Networking is all about meeting people, getting to know them, and potentially helping them. That’s it! When looking to “work the room,” always refer back to the most successful definition of networking: learning about and helping others. When your objective is to learn something about other people – or, even better, your target market – you can’t lose. Make it your objection to look into their culture, trends related to their profile, upcoming conferences they might benefit from, information on products that might help them, articles and publications related to their experience, and further contacts from whom they benefit. Helping someone in your target market is even better. Givers always gain, and favors get returned, especially when the time comes to ask for them. Remember, you’re looking to start a relationship. Choose your attitude before arriving at the meeting, be genuine, and have fun.
What to ask
Repeat after me: It’s all about them. Confidently introduce yourself and ask a series of general questions to learn more about your contact’s work, goals, and initiatives. Here are some of my favorite questions to ask people to break the ice and, more importantly, to get to know them.

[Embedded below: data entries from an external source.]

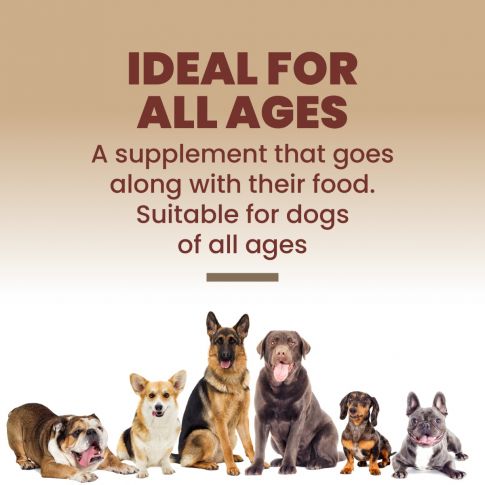 Beaphar Top 10 Multi Vitamin Supplement for Dogs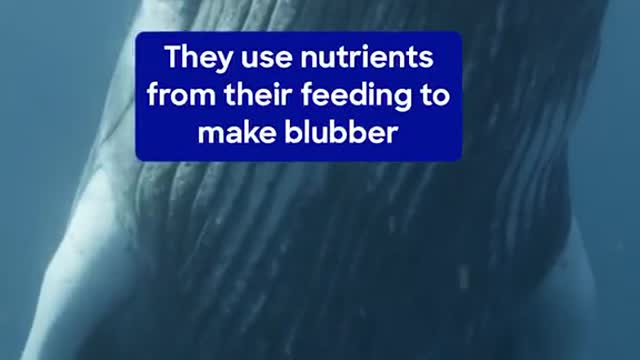 You won't believe what a whale eats in a day😱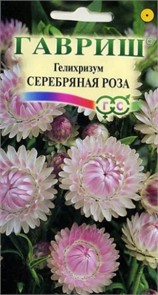 Гелихризум Серебряная роза Гавриш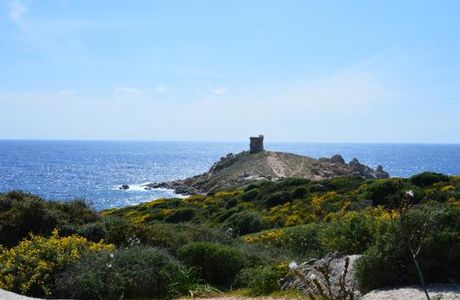 Torra d'Omigna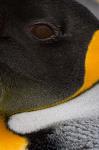 King Penguin, Right Whale Bay, South Georgia Island, Antarctica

- “How did you learn of this meeting?” (If it’s not obvious)
- “‘Have you been here before?” If yes, “What brought you back?”

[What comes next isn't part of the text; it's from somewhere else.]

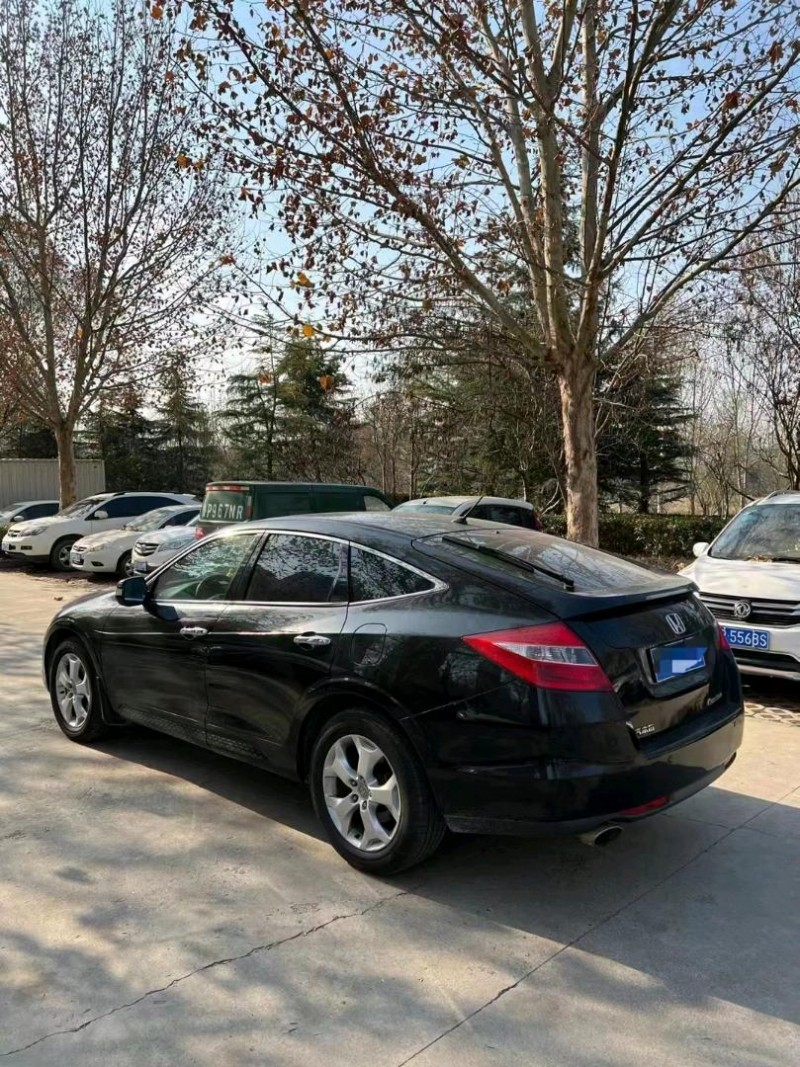 枣庄14年本田歌诗图3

- “Do you know a lot of people here?”
- “What kind of work do you do?” (Again, if it’s not obvious)
- “What company do you work for?”
- “How long have you been at it?”
- “Do you like what you do?”
- “What is it about your work you like most? Least?”
- “What are you looking for here?”
- “‘Do you have a target market?”
- “How do you market your business?”
- “What does a perfect prospect look like for you? Why?”
- “What do you do for fun?” (Sports, kids, vacation, hobbies, etc.)
- “What can I do to help you?” (If I like them!)
That’s my short list, in no short order – and no particular order. I pick and choose as appropriate and as the conversation flows. Notice how it’s all about them? If you develop a good connection or the person you meet is any kind of networker, they should be asking you the same questions right back. Remember, this will almost always begin as a superficial conversation. If there is a connection, then great; if not, that’s fine, too. After a few minutes, just say, “It was nice to meet you. Let me know if I can help you with anything at the event today; otherwise, good luck, and I hope to see you soon.” And that’s it. Never be rude, off-putting, or curt with anyone. Keep in mind that most people (even financial advisors) are not very good at talking to strangers.